> _Exercise directions_
In your copy of the data, omit the pictures and keep all else exactly as given.

> _Source information_
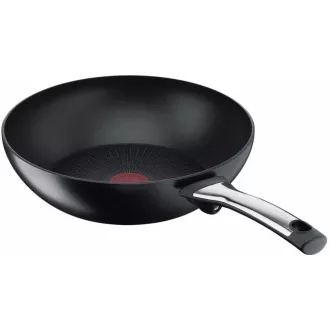 G2690672 TIGAIE EXCELLENCE 28 CM TEFAL G2690672 TIGAIE EXCELLENCE 28 CM TEFAL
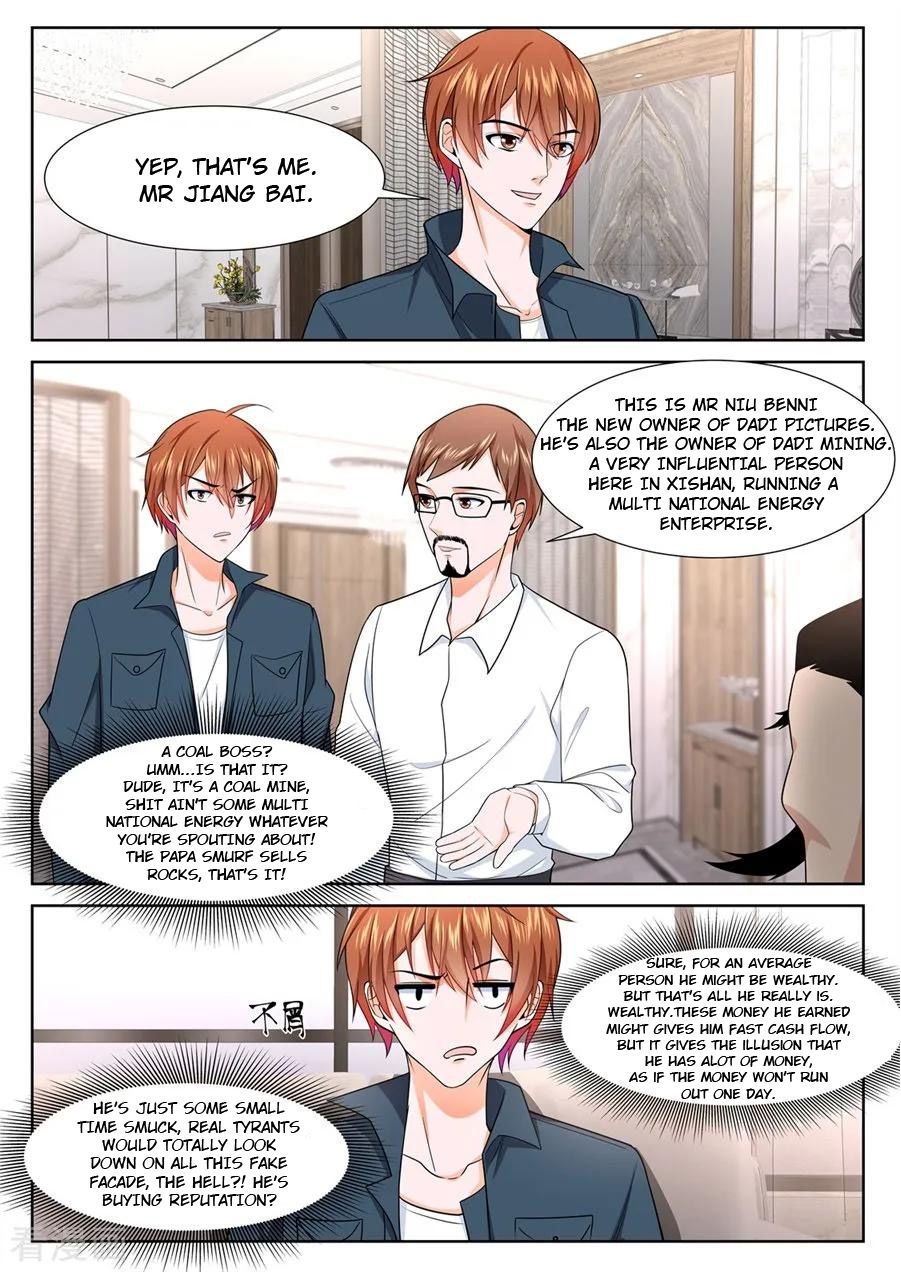 Page 2 of Chapter 230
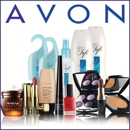 Wonderful You with AVON - Cosmetics & Perfumes
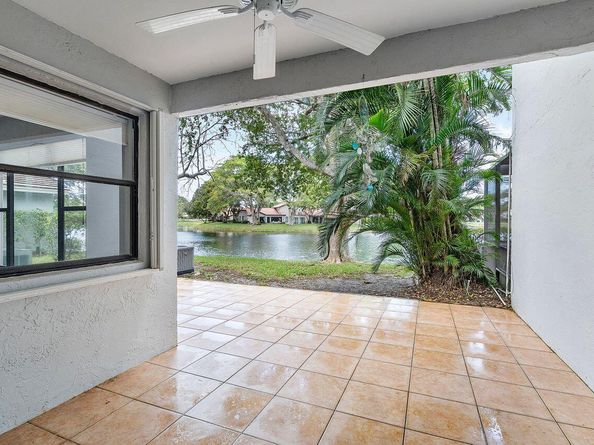 624 N Deer Creek North Shore Drive N, Deerfield Beach FL 33442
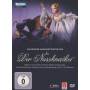 Salzburger Marionettentheater - Der Nussknacker [Regio free (0)]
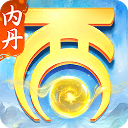 大话西游网易版手游官方正版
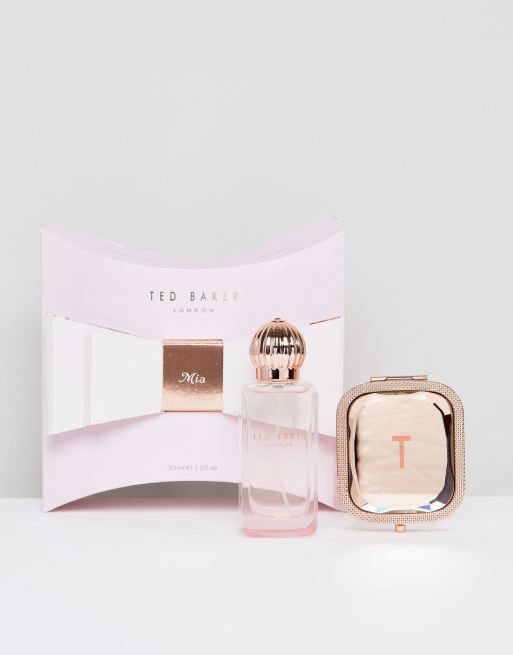 Ted baker mia online perfume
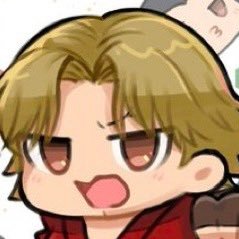 カブキ・ヤング(傾奇者晶) (@kabukimonoakira) / Posts / X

> _Output below_
 G2690672 TIGAIE EXCELLENCE 28 CM TEFAL G2690672 TIGAIE EXCELLENCE 28 CM TEFAL
 Page 2 of Chapter 230
 Wonderful You with AVON - Cosmetics & Perfumes
 624 N Deer Creek North Shore Drive N, Deerfield Beach FL 33442
 Salzburger Marionettentheater - Der Nussknacker [Regio free (0)]
 大话西游网易版手游官方正版
 Ted baker mia online perfume
 カブキ・ヤング(傾奇者晶) (@kabukimonoakira) / Posts / X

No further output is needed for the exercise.